YTB gets “going concern” notice, swings to loss in ‘08
The auditors of YTB International Inc. have raised concerns about the company’s future and its financial controls, the Wood River-based online travel seller disclosed this week. And the exodus of agents, whose fees to operate travel websites provide most of YTB’s revenue, continued.
YTB’s annual report, released this week, is the latest sign of trouble at the company. Its star has fallen fast since August, when California Attorney General Jerry Brown accused the company of deceptive marketing in a lawsuit filed days before its huge annual convention at the Edward Jones Dome.
In the filing, YTB reported a $4.5 million loss in 2008, after a $3.2 million gain the year before, and the company had just $1.2 million in cash at year’s end.
That, coupled with the weak economy and "substantial uncertainties" around YTB, led auditors from UHY LLP in St.

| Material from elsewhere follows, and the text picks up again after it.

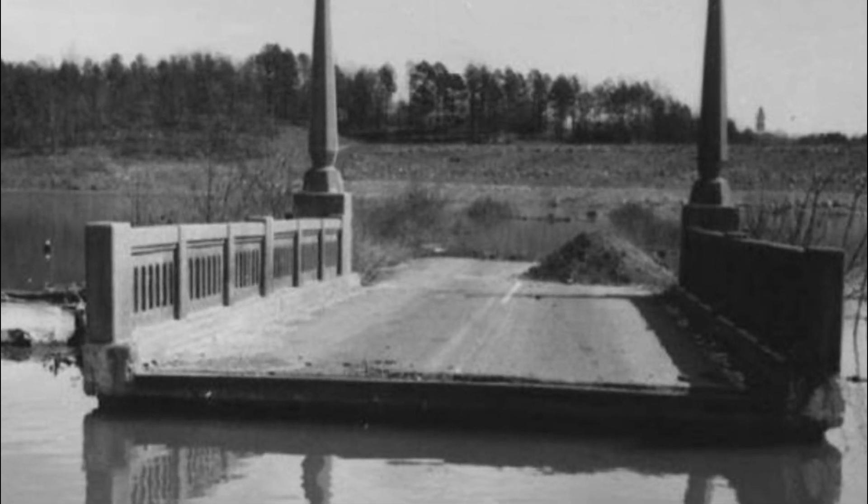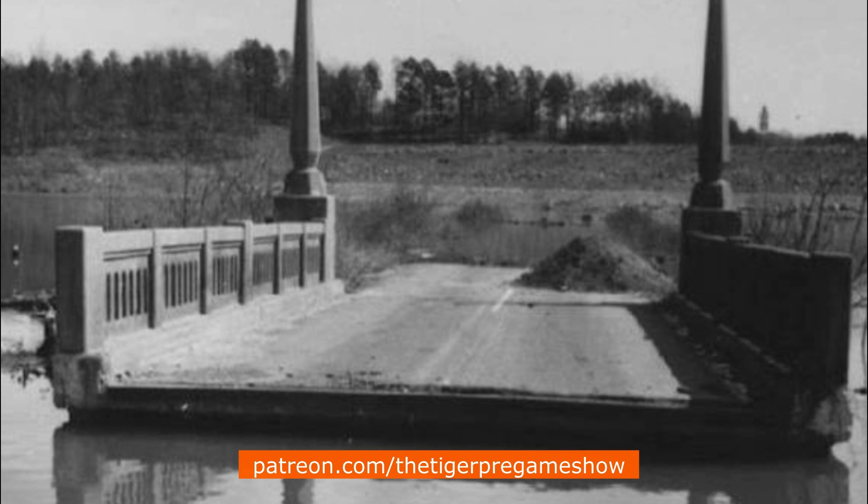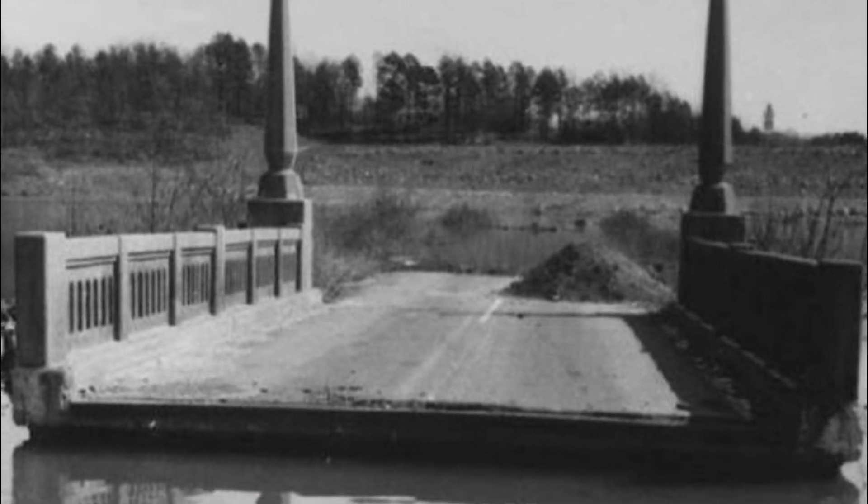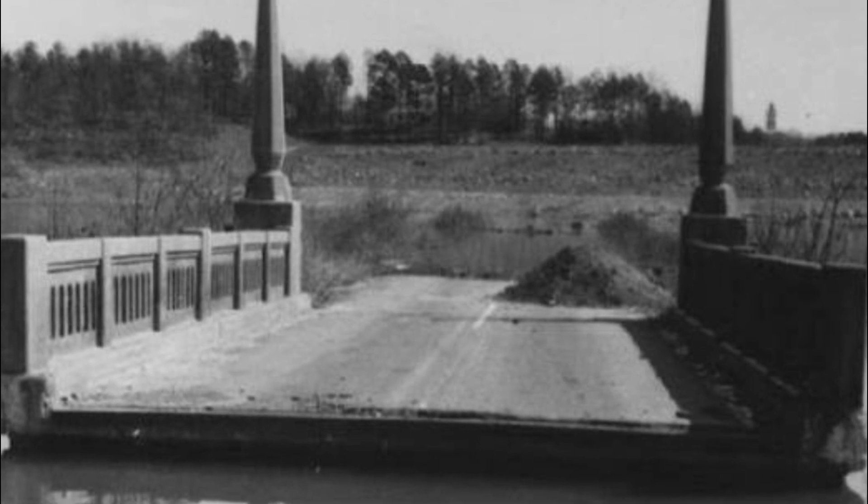The bridge is still there, and when lake levels drop during droughts, the bridge is exposed and visitors can walk to it from the expanded shoreline created by the low water level.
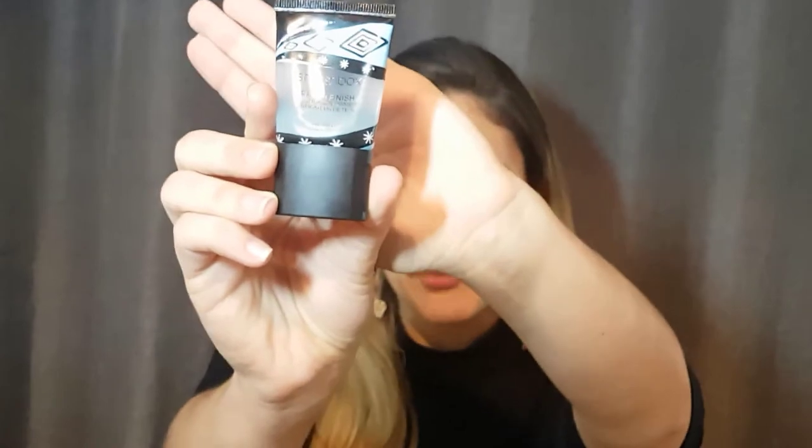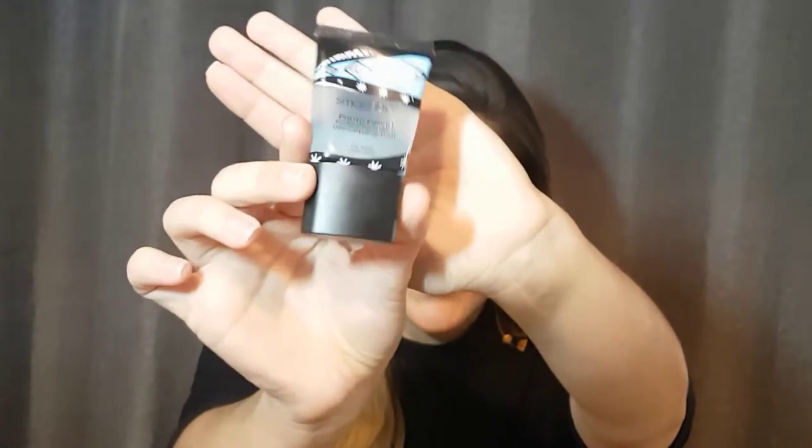So what do you think if we start now? I always recommend you guys to start using a primer. The primer I tend to use most of the time is a pore minimizer primer. The one I'm going to be using is the Photo Finish primer from Smashbox. This is the consistency — it's kind of very creamy.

Louis to question the company’s future. Auditors also criticized YTB’s internal financial controls, saying the company’s board had too little control over management’s spending and that executives had signed contracts without proper board approval.
In August, a Post-Dispatch investigation detailed millions of dollars worth of business deals in recent years between YTB and companies owned by its executives and board members, including a small Illinois bank that has since been taken over by the state no teletrack payday loans.
YTB said it will right its financial ship through cost-cutting and better use of technology. The company said it has begun requiring board review of any spending worth more than $100,000 a year, or more than $50,000 with a company insider.
It’s also seen a sharp drop in the ranks of its "referring travel agents," from about 130,000 in August to 92,000 at year’s end. Those agents pay $500 up front and $50 a month for a website through which they sell travel, and they provide about three-quarters of YTB’s $162 million in revenue. Those numbers fell quickly after the California lawsuit, which is still in court, as well as a class-action suit from former agents in federal court in East St. Louis.
YTB said it has spent about $1 million fighting the suit in California.